Josh Towsley, a representative of the International Union of Operating Engineers, told the Vancouver Sun in late February that crews working around cranes and those doing the assembly and disassembly do not need certification. Some operators have a provisional licence, which in some cases only requires the operator to pass an online multiple-choice exam.
The site in Oakridge remains halted due to a stop-work order issued by WorkSafeBC. While the province has launched an investigation into the incident, Ashton emphasized the lack of sufficient funding to support investigations. "Government has to actually fund their investigation sites, and [have] properly trained investigators" to get casualties to trend downwards.
On the Day of Mourning, Premier David Eby expressed his gratitude to the unions for their "advocacy for prevention" of workplace accidents, but workers present felt that the province's actions spoke louder than words.
"When a worker's killed on the job, [the employers] shouldn't [only] be slapped fines of $64,000 or, in the case of the two longshoremen that passed away recently, $250,000," said Ashton, referring to a 2018 case at Neptune Terminals.
In that case, the company was found negligent in failing to ensure employee health and safety and was fined $250,000 for the death of 51-year-old Don Jantz. The company had been warned about the clips on a grate repeatedly coming loose and was repeatedly urged by engineers to have it replaced with a safer alternative before it gave way, resulting in the 17-meter fall that killed Jantz.

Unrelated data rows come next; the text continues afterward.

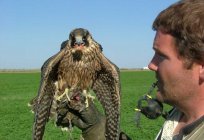 Gorgeous Falcon: a bird-hunter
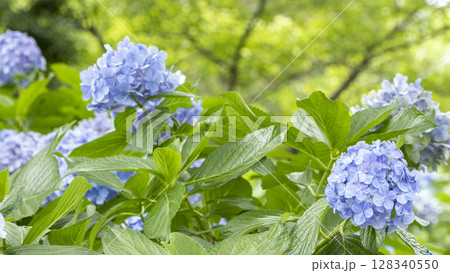 葉山しおさい公園の夏 葉山しおさい公園の夏 128340550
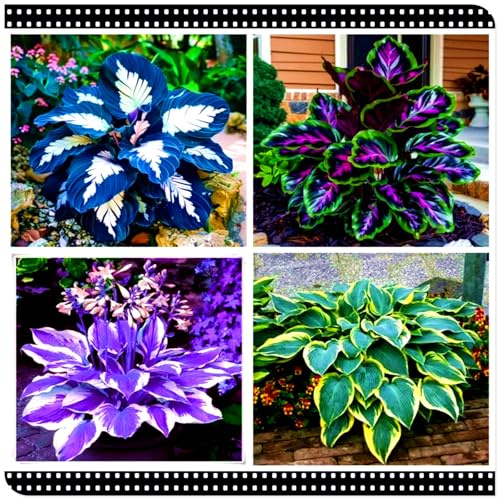 Seltene Funkie/Winterharte Funkie für den Außenbereich/Deutsche Gartenpflanze/Ideal für Gartenecken/Pflegeleicht-4 PCS-C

Everett Cummings, 44, who worked as a heavy-duty mechanic for Fraser Surrey Docks, died the same year as Jantz in a similarly avoidable incident when he was crushed by a lift truck he was servicing.
"When an employer is negligent, that employer has to go to jail," said Ashton emphatically. "The provincial government [has] to make sure that the employer is punished properly. Until that day happens, workers are going to die on the job because there is no fear [on the part of] employers of any type of payback from anybody."